令和の御代替わりのおり、國學院大學博物館で企画展が行われた。展示は「米」だけでなく、「粟」も含まれ、さすがは國學院だと感心した。「稲の祭り」論で凝り固まる人たちとはちょっと違う。


ただ、このとき行われていたミニ講演会の中身はいただけなかった。若い研究者は、大嘗祭は天皇が皇祖天照大神を祀ると断言していた。画竜点睛を欠くとはこのことである。


なぜそう理解するのか、私にはまったく理解できなかった。「皇祖を祀る」のなら、なぜ「米と粟」を捧げなければならないのか、なぜ「粟」なのか、説明が十分でない。


▷祝詞と神座

このところ繰り返し学んでいる真弓常忠・皇學館大学名誉教授(故人)の『大嘗祭』を読んで、少しは納得できた。神道学者はそもそも「粟」を無視している。


真弓先生は著書のなかで、大嘗祭の本質を考えるためには、大嘗宮の儀にどのような神が祭られていたかを考察する必要があるとしたうえで、以下の4説があったことを紹介している。


1、皇祖天照大神とする説


一条兼良『代始和抄』には、「まさしく天照おほん神をおろし奉りて…」とある。


2、天照大神はじめ天神地祇とする説


『後鳥羽院宸記』に大嘗祭の御告文(祝詞)が引用され、「天照大神、又天神地祇諸神明」とある。以後もおおむね同様。


3、悠紀・主基それぞれ別の神とする説


たとえば、悠紀は天神、主基は地祇を祀るなどの説があったが、三浦周行は平安期の資料の対句表現を誤認した結果と批判している。つまり、悠紀・主基とも同じ神と考えられるが、それなら如何なる神かと真弓先生は畳みかける。

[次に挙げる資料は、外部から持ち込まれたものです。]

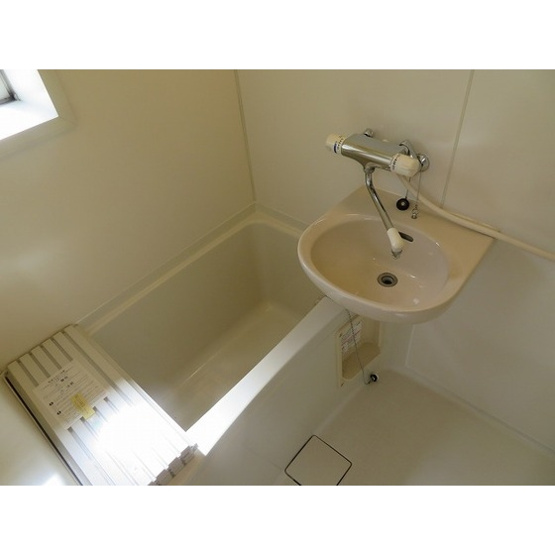 【浴室】 | ちきゅうハウス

真弓先生は、2説は現に祝詞に「天照大神および天神地祇」とあるのだから、そのまま肯定できるとし、そのうえで後鳥羽院以前、太古以来、そうだったのかと問いかけている。『令義解』が撰された天長年間には「天神地祇を祭る」とする観念があったと見なければならないけれども、大嘗宮の神座は一座のみで、それでいて神食薦に供えられる枚手は10枚あるのをどう理解すべきか、というのである。

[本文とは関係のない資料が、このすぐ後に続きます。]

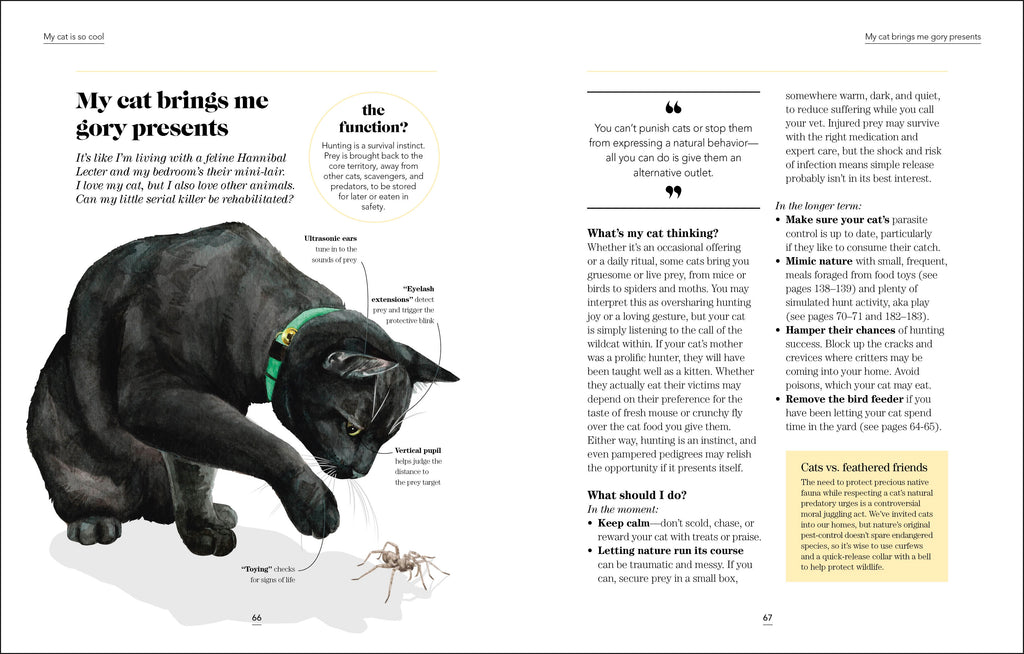 What's My Cat Thinking?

そして、大嘗祭・新嘗祭の当日の朝に、304座の神々に幣帛を奉る由縁を述べる祝詞に、「皇御孫命の大嘗聞こしめさむための故」と目的が明示されていることから、「新穀を至尊に供する」ために「諸神の相嘗祭」が行われるものと解釈できると真弓先生は説明している。


▷皇祖が主神で、天神地祇が相嘗する

4、御膳八神を祭るとする説


御膳八神は、悠紀田・主基田の側などに祭られる神である。だが、真弓先生は、神饌の準備過程で祭られる神であって、大嘗宮に祭られる神とは考えられないと批判している。


そのうえで、真弓先生は、平野孝国の「天皇には全国の神々をお祀りになる特別の御資格有り」とし、「天皇にあらゆる神を祀って頂く御資格をお与えする唯一の機会は、大嘗祭を除いてはありえぬ」とする理解を紹介し、「現に『天照大神、又天神地祇』に祝詞を白されているのであるから、天照大神をはじめ、天神地祇に神膳を献るものとするのが妥当であろう」と一応、結論づけている。

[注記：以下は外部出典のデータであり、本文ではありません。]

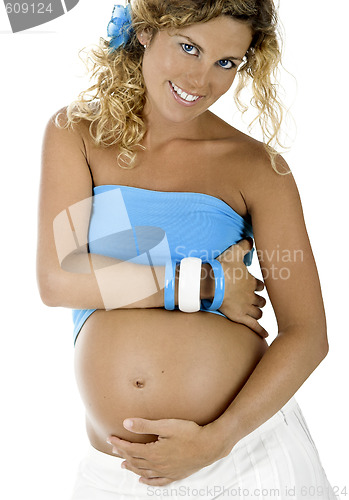 Image of Pregnant woman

要するに、祝詞と神座という客観的事実から、真弓先生は、大嘗祭・新嘗祭の祭神は、主神が皇祖天照大神であり、天神地祇が相嘗をすると理解するらしい。日本民族=稲作民族論、天照大神一神教的神道論、大嘗祭・新嘗祭=「稲の祭り」論に立つならば、当然の帰結かと思われるが、神饌に「米と粟」が供される厳たる事実が相変わらず見落とされているということになる。